++++ DATA SEGMENT ++++
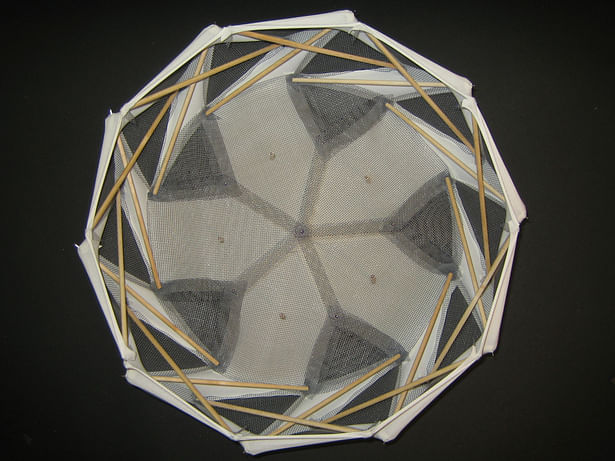 Tensegrity dome - prototype - Diana Peña-Tees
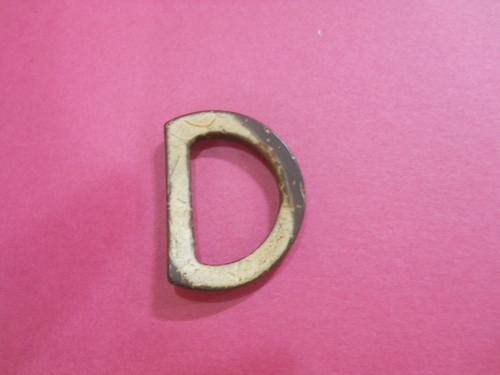 Polished D Shape Designer Coconut Shell Button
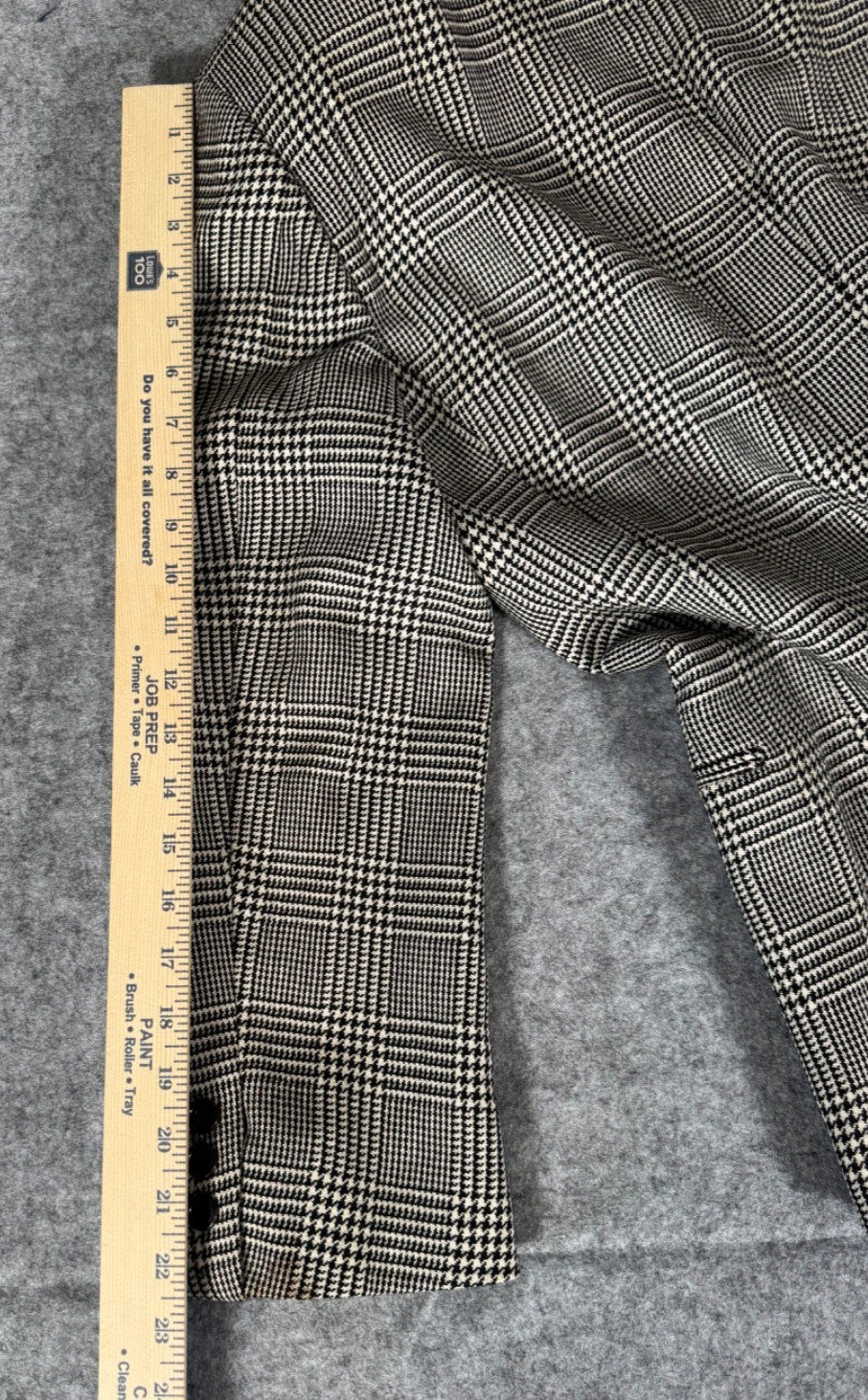Giorgio Armani Mani Blazer Mens Houndstooth Wool Italy Sport Coat VINTAGE 40S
++++
TASK STATEMENT - Print the material above exactly, skipping its images.

REPLY TO THE TASK -
 Tensegrity dome - prototype - Diana Peña-Tees
 Polished D Shape Designer Coconut Shell Button
Giorgio Armani Mani Blazer Mens Houndstooth Wool Italy Sport Coat VINTAGE 40S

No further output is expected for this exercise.